Un fenómeno sin freno
La gentrificación en la Roma no es un fenómeno nuevo, pero su velocidad sí. La combinación de la popularidad internacional del barrio, la falta de regulación efectiva sobre el alquiler turístico y la debilidad de las políticas de vivienda pública han creado un caldo de cultivo perfecto. El resultado: una colonia que se vuelve cada vez menos habitable para sus habitantes y más atractiva para el capital especulativo.
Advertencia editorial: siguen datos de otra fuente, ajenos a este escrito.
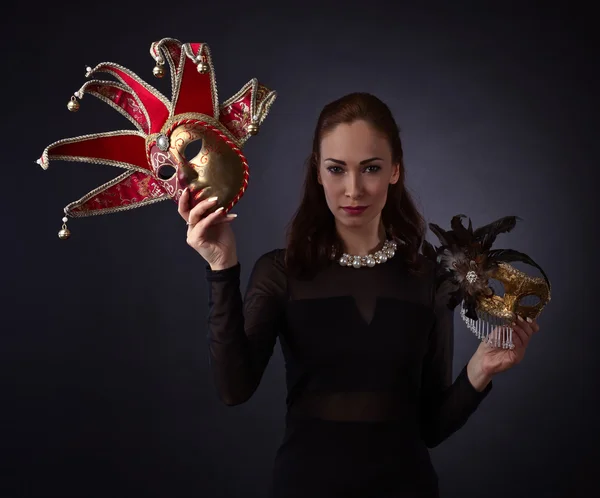 Bella donna con maschera di carnevale — Foto Stock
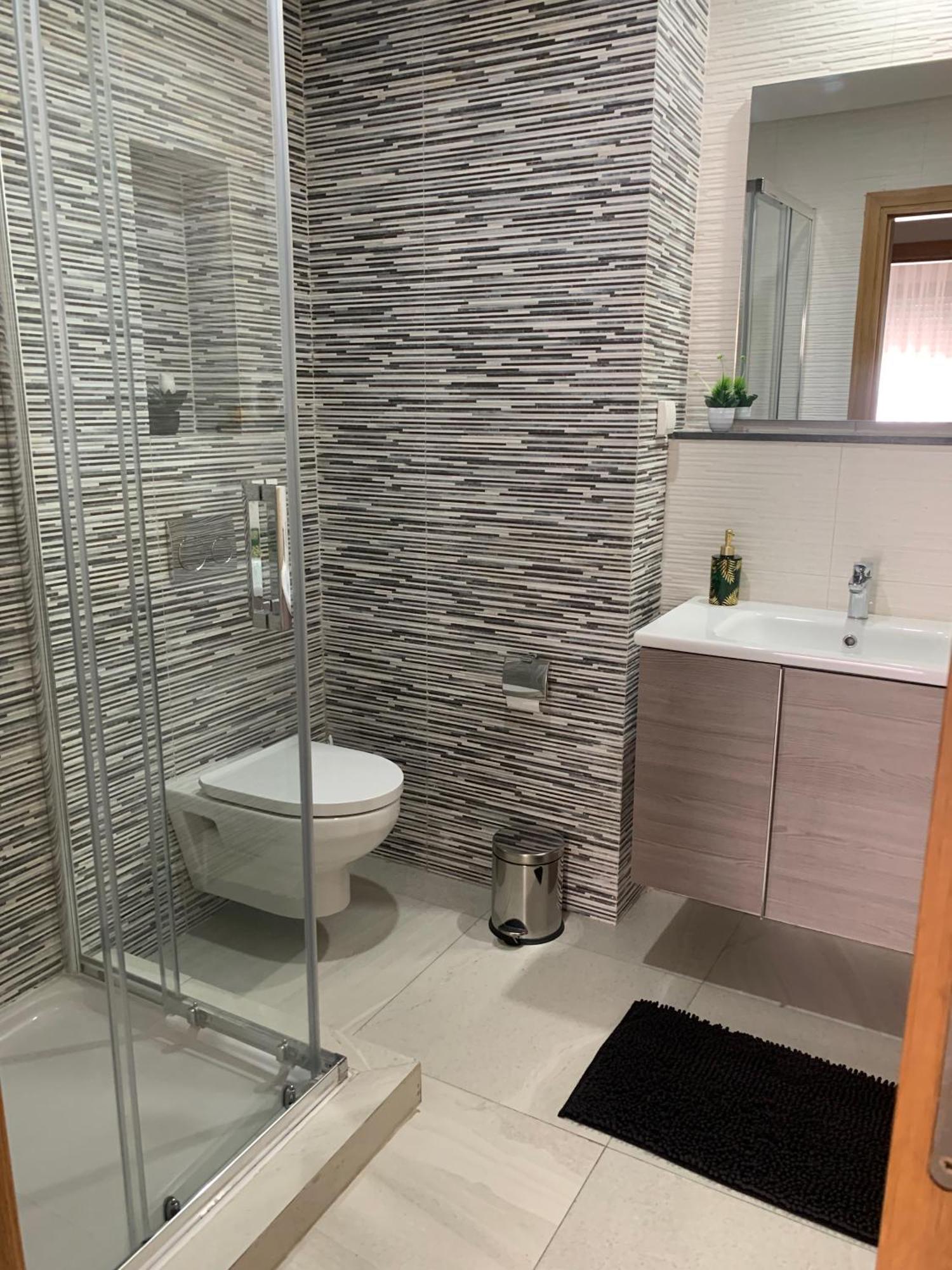 Luxury In Center Apartment *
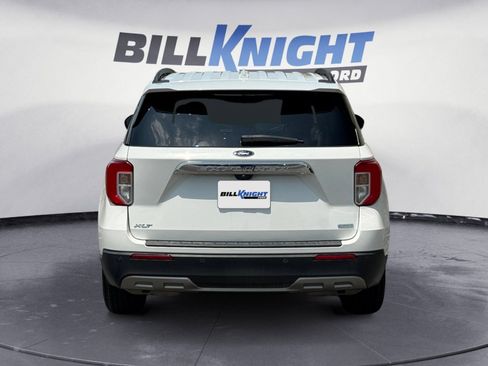 Certified 2020 Ford Explorer XLT w/ Equipment Group 202A RWD image 4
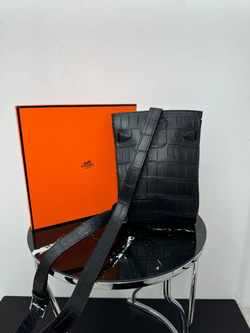 Нагрудная сумка слинг Hermes Kelly из кожи крокодила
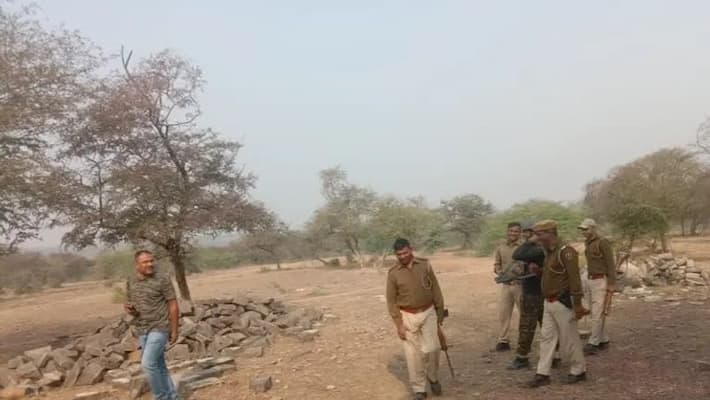dholpur crime news bounty mobster attacked police during encounter and ranaway asc dholpur crime news bounty mobster attacked police during encounter and ranaway asc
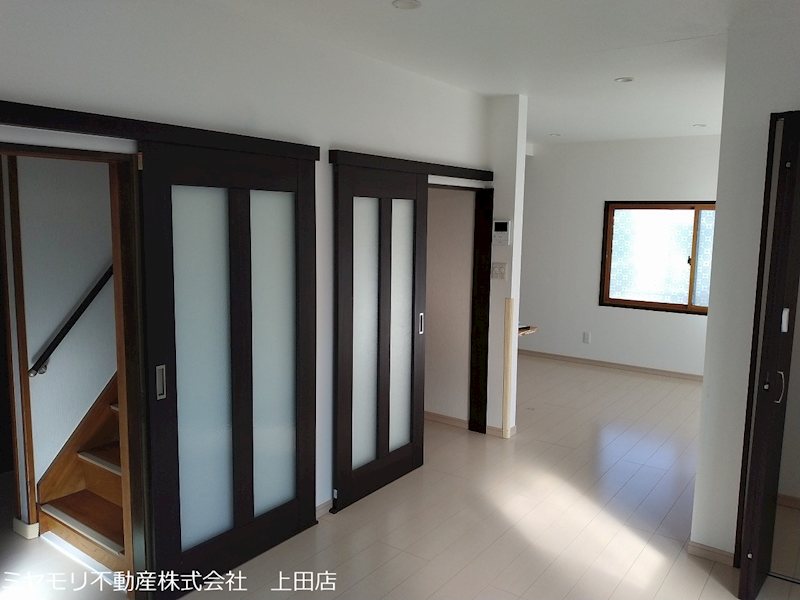 上田市生田　中古戸建 内観写真（リビング）
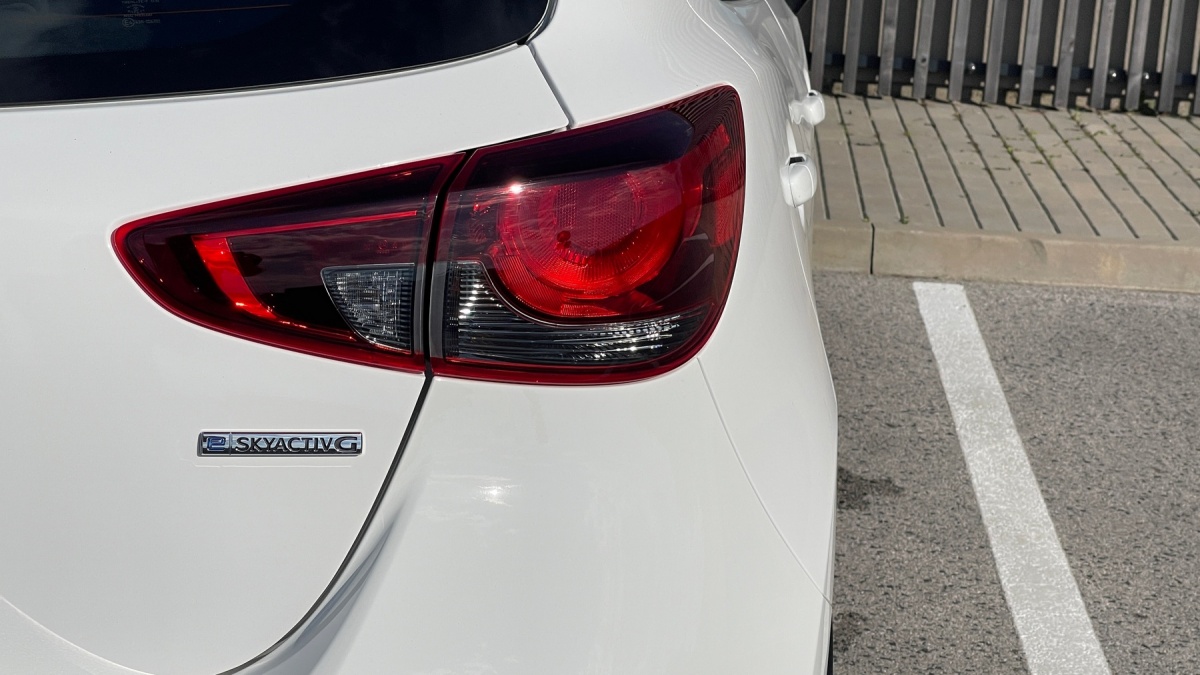 Mazda2 e e-Skyactiv G90 (2024)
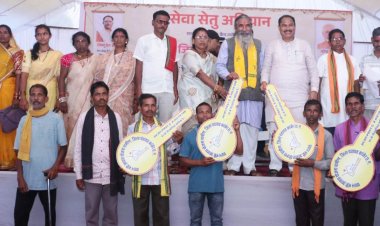 पक्के आवास का सपना हुआ साकार, सेवा सेतु शिविर में हितग्राहियों को मिली पक्के आवास की चाबी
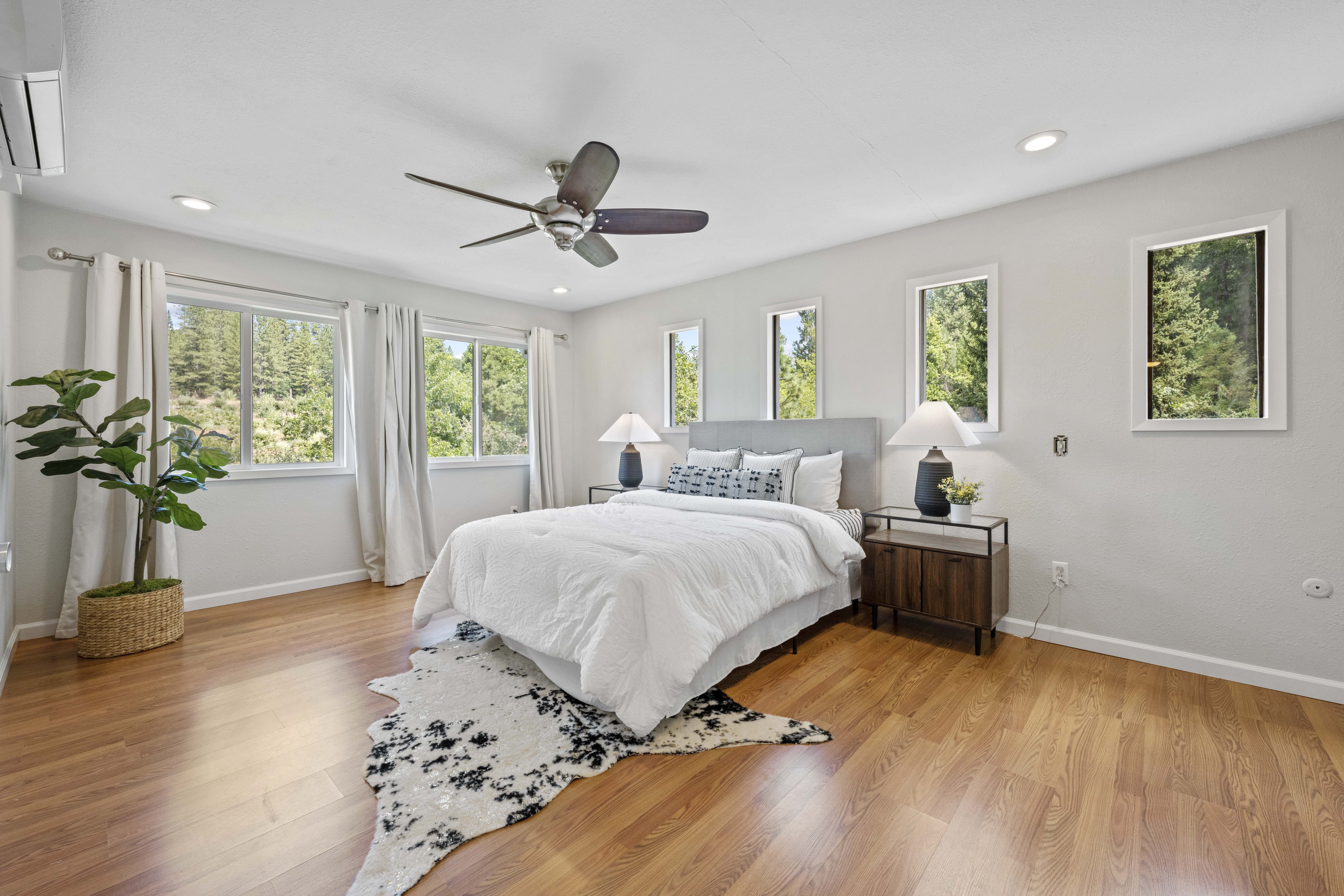 4344 Bumble Bee Lane 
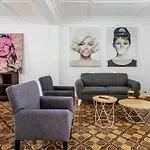 Stay Connected In Roma - 3Br- Fast Wifi- Laundry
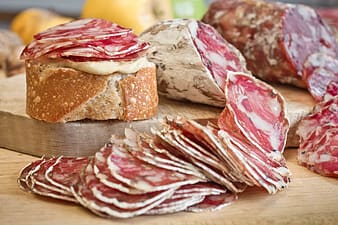 Sauce combinations with cured meats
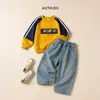Conjunto para Meninos 2026 Novo Estilo Primavera e Outono Infantil Estiloso Bebê Outono Moletom com Letras Conjunto de Calça Jeans com Strass Completo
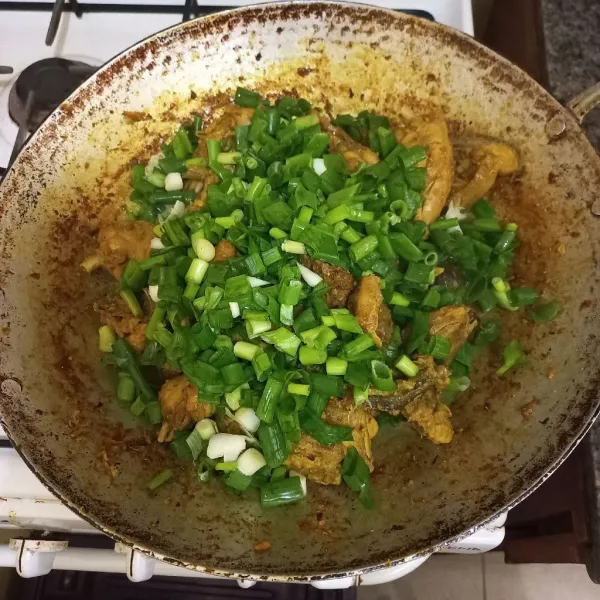 Masukan irisan bawang daun, kecilkan api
María y sus vecinos continúan su guardia en la puerta. No tienen abogado, apenas reciben apoyo institucional y dependen de la solidaridad de otros residentes que aún resisten. Mientras tanto, la panadería de al lado sigue atendiendo a su clientela internacional, ajena a lo que ocurre a escasos metros. Es la metáfora perfecta de una ciudad que se está partiendo en dos: una para los que pueden pagarla y otra para los que la construyeron.
La esquina de Tonalá no es un caso aislado; es un laboratorio urbano donde se concentran todas las tensiones de la metrópolis contemporánea. Aquí se ve con claridad cómo el modelo de ciudad turística y especulativa expulsa a sus propios ciudadanos. Y cómo, en apenas unos metros, se dibuja el mapa de una desigualdad que ya no es solo económica, sino espacial y existencial.